The push to 12 wins for the Dallas Cowboys starts Thursday at Soldier Field against a 5-7 Chicago Bears team that embarrassed the ‘Boys 45-28 a December ago. That game was also in prime time, on a Monday night. That game also opened the Cowboys’ December schedule. That game was the first loss of what would become a 1-3 December and yet another ignominious 8-8 finish.
This Cowboys team is coming off a humiliating Thanksgiving defeat in a battle for first place against a fierce division rival. They’re in the midst of a five-game stretch in which they can’t convert a third down on offense and can’t force a punt on defense. They’re 2-3 during that stretch and after a 6-1 start look like about the shakiest 8-4 team east of Arizona.

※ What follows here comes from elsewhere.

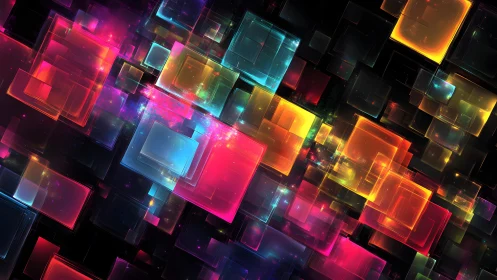 Vibrant Neon Squares Abstract Digital Art with Futuristic Glow.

And this team is going to win 11 games this year. Maybe 12. Three reasons why:
This offense has elite talent, and they’re all healthy. By NFL standards, anyway.
The Cowboys are nicked up like any other NFL team in December, but the foundation of the offense is ready to play. Offensive line, quarterback, running back, tight end, No. 1 receiver. All solidly healthy. All capable of elite-level play.
Quarterback Tony Romo is the fourth-highest rated passer in the league in December games over the past five seasons, behind only Aaron Rodgers, Peyton Manning, and Drew Brees. Tight end Jason Witten blocks like a tackle in the running game and abuses linebackers in the passing game. Running back DeMarco Murray is the league’s leading rusher. Wide receiver Dez Bryant can burn you on the outside and make the tough catches across the middle.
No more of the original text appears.